- **Task description**:
Pick every line out of the entries below that has the string "Lane", and copy it.
** Material provided follows **
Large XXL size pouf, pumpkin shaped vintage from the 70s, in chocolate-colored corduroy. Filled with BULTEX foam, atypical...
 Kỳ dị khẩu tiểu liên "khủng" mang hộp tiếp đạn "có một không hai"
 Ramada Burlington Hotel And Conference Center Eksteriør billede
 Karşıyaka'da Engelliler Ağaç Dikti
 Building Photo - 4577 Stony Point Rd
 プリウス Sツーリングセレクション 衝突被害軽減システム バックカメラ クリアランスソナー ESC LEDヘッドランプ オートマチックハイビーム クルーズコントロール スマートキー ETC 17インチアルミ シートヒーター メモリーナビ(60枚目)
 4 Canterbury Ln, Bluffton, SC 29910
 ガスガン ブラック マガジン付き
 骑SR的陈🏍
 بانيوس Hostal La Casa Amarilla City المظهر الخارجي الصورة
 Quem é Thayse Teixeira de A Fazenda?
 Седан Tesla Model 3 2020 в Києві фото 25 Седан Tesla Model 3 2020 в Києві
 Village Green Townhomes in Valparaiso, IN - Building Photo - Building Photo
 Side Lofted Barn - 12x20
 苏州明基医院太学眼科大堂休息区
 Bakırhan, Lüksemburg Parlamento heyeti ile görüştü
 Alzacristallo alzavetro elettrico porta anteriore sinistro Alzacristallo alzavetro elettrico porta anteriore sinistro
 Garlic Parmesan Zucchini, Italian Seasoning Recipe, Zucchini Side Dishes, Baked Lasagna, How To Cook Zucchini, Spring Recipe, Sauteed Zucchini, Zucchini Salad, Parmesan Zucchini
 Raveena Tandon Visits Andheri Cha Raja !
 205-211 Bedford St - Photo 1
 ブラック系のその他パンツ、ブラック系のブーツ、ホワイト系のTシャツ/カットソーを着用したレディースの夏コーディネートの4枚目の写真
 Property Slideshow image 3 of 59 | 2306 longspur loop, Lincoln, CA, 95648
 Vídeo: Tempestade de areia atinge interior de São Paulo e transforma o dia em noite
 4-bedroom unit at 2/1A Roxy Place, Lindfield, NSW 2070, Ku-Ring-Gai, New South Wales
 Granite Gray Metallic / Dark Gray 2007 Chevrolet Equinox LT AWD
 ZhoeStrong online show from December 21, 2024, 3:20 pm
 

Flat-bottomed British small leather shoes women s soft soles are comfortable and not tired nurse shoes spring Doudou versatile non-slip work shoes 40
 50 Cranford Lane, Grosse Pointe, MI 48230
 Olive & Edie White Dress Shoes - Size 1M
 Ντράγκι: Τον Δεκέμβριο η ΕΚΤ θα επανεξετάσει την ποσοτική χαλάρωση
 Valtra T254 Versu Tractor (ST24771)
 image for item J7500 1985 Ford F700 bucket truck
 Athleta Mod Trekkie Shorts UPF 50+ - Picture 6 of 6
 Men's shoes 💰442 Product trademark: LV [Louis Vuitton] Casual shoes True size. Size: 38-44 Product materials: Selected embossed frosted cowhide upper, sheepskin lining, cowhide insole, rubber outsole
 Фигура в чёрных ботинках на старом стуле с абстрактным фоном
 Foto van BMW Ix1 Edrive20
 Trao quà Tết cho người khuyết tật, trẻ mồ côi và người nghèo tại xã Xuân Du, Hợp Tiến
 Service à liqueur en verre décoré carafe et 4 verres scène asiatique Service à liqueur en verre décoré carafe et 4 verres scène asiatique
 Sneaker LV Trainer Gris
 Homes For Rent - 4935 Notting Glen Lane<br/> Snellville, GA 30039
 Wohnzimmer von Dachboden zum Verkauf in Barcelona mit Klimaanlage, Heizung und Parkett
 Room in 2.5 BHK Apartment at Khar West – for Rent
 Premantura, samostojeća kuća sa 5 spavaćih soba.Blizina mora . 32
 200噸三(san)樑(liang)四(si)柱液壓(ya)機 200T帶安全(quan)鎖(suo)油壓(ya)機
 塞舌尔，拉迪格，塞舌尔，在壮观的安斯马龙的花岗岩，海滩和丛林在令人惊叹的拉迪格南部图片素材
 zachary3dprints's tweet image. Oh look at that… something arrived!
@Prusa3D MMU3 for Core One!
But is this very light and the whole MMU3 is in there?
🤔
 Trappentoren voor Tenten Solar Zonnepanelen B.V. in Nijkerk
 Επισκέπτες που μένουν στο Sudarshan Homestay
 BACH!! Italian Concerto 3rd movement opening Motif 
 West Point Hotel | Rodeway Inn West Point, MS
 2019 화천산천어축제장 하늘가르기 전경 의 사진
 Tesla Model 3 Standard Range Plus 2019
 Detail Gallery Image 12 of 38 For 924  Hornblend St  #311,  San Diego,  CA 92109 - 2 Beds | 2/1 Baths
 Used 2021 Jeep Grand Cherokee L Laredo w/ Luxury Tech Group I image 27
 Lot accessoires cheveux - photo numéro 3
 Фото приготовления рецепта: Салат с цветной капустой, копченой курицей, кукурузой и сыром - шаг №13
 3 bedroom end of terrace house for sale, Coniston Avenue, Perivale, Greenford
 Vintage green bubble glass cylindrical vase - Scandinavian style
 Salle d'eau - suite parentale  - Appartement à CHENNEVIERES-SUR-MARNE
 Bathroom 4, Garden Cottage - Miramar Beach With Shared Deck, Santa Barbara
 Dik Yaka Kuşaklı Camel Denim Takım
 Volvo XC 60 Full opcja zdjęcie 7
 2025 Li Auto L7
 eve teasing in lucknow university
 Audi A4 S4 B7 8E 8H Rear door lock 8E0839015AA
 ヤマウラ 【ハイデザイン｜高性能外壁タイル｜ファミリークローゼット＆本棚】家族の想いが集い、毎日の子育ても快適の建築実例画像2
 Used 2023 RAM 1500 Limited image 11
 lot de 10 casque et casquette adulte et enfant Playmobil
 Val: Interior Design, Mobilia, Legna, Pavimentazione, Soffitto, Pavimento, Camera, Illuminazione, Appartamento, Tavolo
** End of Material provided **
- **Solution**:
 50 Cranford Lane, Grosse Pointe, MI 48230
 Homes For Rent - 4935 Notting Glen Lane<br/> Snellville, GA 30039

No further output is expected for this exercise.